La designación exprés de embajador debe realizarse, y existe un precedente útil: el proceso seguido en 2019 por el gobierno de Áñez. La lógica es simple: una decisión política inmediata para nombrar un perfil técnicamente sólido y con experiencia en Estados Unidos; una activación diplomática rápida para solicitar el plácet al Departamento de Estado con una narrativa clara de urgencia económica y de agenda bilateral; y, en paralelo, el armado de un equipo fuerte en la embajada de Washington, con la logística lista para operar desde el primer día y el apoyo de una firma de lobbying con llegada a los más alto del ecosistema político de Trump.
El objetivo es que Bolivia no solo “nombre” un embajador, sino que lo ponga a trabajar cuanto antes, con una agenda lista y capacidad real de ejecución.
El quinto motor es la diáspora, tratada como activo estratégico y no como nostalgia. Estados Unidos aparece de forma consistente desde mediados del siglo XX entre los principales destinos para migrantes bolivianos. Convertir esa diáspora en política de Estado implica verla como puente hacia inversión, redes profesionales, transferencia tecnológica, posicionamiento de alto nivel y diplomacia cultural.
La diáspora no es solo identidad; es capital social. Y si se articula bien, puede multiplicar exportaciones, turismo, reputación, oportunidades de emprendimiento binacional y un mejor cabildeo en los corredores de poder de Washington.
Bolivia también debe animarse a decirlo con convicción: no es un actor periférico destinado a aceptar pasivamente reglas externas.
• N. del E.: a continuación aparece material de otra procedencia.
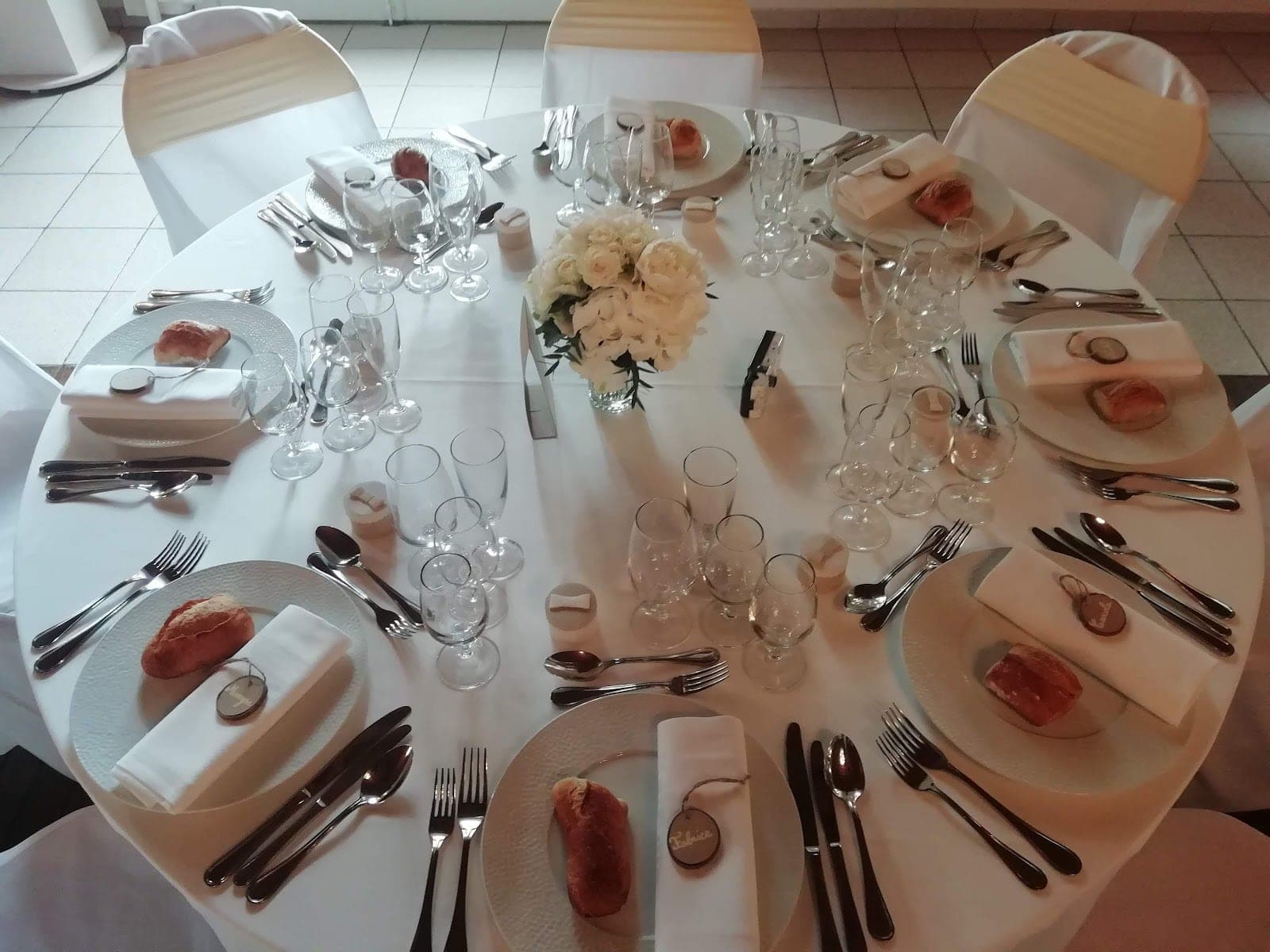 A round table set for a wedding reception with white linens and floral centerpieces.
Puede ser un país de primera línea si aprende a presentarse como tal: por paisajes únicos, biodiversidad, culturas vivas, creatividad artística, productos de calidad excepcional y, también, por su potencial energético y digital si lo convierte en política de Estado.
Si sincroniza diplomacia económica agresiva, marca país potente, conectividad, energía confiable y una agenda de inversión creíble, Bolivia puede consolidarse como puente entre regiones y como laboratorio andino-amazónico de sostenibilidad y valor agregado.
En el mundo que viene, la soberanía no se defiende solo con banderas: se defiende ocupando mercados, instalando reputación, subiendo en la cadena de valor y construyendo capacidades.
En términos simples, Bolivia debería leer la ESN 2025 como una invitación con condiciones: Estados Unidos va a priorizar el hemisferio, va a medir a los países por utilidad estratégica, va a empujar una preferencia por socios y va a elevar el costo de la influencia rival en infraestructura y activos clave.
La respuesta boliviana no debe ser ni resistencia automática ni alineamiento ciego, sino un plan de Estado: co-desarrollo productivo, infraestructura y conectividad, seguridad con soberanía, energía como palanca industrial, data centers como apuesta de futuro, exportaciones con valor agregado y marca país, y una embajada en Washington que convierta política exterior en resultados.
Estados Unidos rayó la cancha, y ahora toca a los países a jugar el partido adaptándose a las nuevas reglas del juego.